ABSTRACTThis report has developed a facile “green mechanical demulsification technology” which can emulsify submicron CL-20 particles greenly and submicron ε-CL-20 particles with stable crystal structure and favorable morphology were successfully prepared by this means. Simultaneously, CL-20 was also refined by spray recrystallization method and jet recrystallization method for better comparison. Structural characterizations and thermal stability of the composites were systematically studied by scanning electron microscopy (SEM), X-ray diffraction (XRD) and differential scanning calorimeter (DSC). Moreover, the safety performance was analyzed by qualitative testing of impact sensitivity and friction sensitivity. Compared with the raw CL-20, submicron CL-20 particles fabricated via the green mechanical demulsification technique were compact spheres with ε-CL-20 crystal form.
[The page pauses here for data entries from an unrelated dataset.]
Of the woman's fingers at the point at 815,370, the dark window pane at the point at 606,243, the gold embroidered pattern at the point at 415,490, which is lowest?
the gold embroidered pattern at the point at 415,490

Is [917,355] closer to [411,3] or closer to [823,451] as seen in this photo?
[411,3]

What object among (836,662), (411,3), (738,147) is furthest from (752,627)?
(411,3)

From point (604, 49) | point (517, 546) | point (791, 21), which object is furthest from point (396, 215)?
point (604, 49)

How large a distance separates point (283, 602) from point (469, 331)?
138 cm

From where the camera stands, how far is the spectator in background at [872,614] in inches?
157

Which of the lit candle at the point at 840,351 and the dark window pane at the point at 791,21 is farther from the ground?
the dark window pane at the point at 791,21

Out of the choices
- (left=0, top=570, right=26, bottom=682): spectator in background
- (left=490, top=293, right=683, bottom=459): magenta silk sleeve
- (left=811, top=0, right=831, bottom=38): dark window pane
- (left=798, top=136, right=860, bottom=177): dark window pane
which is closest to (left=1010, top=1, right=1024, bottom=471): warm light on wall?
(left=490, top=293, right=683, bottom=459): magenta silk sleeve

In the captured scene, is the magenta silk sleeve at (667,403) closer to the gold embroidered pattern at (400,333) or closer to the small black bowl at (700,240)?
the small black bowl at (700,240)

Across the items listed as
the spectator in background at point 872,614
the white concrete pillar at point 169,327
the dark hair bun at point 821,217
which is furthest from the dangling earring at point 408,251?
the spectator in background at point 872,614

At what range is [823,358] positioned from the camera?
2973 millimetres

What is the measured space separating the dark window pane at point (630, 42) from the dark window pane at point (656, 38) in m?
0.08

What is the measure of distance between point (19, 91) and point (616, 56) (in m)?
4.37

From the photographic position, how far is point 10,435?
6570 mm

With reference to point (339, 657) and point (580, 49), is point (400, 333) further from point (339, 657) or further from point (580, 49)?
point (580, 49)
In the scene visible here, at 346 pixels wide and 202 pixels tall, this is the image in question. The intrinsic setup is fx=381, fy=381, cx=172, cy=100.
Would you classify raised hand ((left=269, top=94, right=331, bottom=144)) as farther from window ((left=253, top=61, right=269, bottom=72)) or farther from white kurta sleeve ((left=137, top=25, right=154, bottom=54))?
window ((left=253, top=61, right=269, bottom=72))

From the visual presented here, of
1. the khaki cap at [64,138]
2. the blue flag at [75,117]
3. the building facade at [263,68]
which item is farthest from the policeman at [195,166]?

The CL-20 refined by the spray recrystallization method and the spray recrystallization method exhibited irregular blocky structure and agglomerated needle-like structure, respectively. And the crystal forms of both CL-20 particles were converted from ε-CL-20 to β-CL-20. The activation energy of CL-20 refined via green mechanical demulsification technology was increased from 179.42 kJ/mol to 198.40 kJ/mol, thus enhancing the thermal stability. However, the thermal stability of the refined β-CL-20 showed a distinct decrease due to the transformation of the crystal structure. More importantly, the refined CL-20 particles possessed much lower impact sensitivity. The proposal of green mechanical demulsification method has availably settled the problems that the CL-20, with irregular morphology, is prone to crystal transformation, agglomeration, and environmental pollution. And there is a significant possibility that it is a promising green technology with comprehensive application foreground.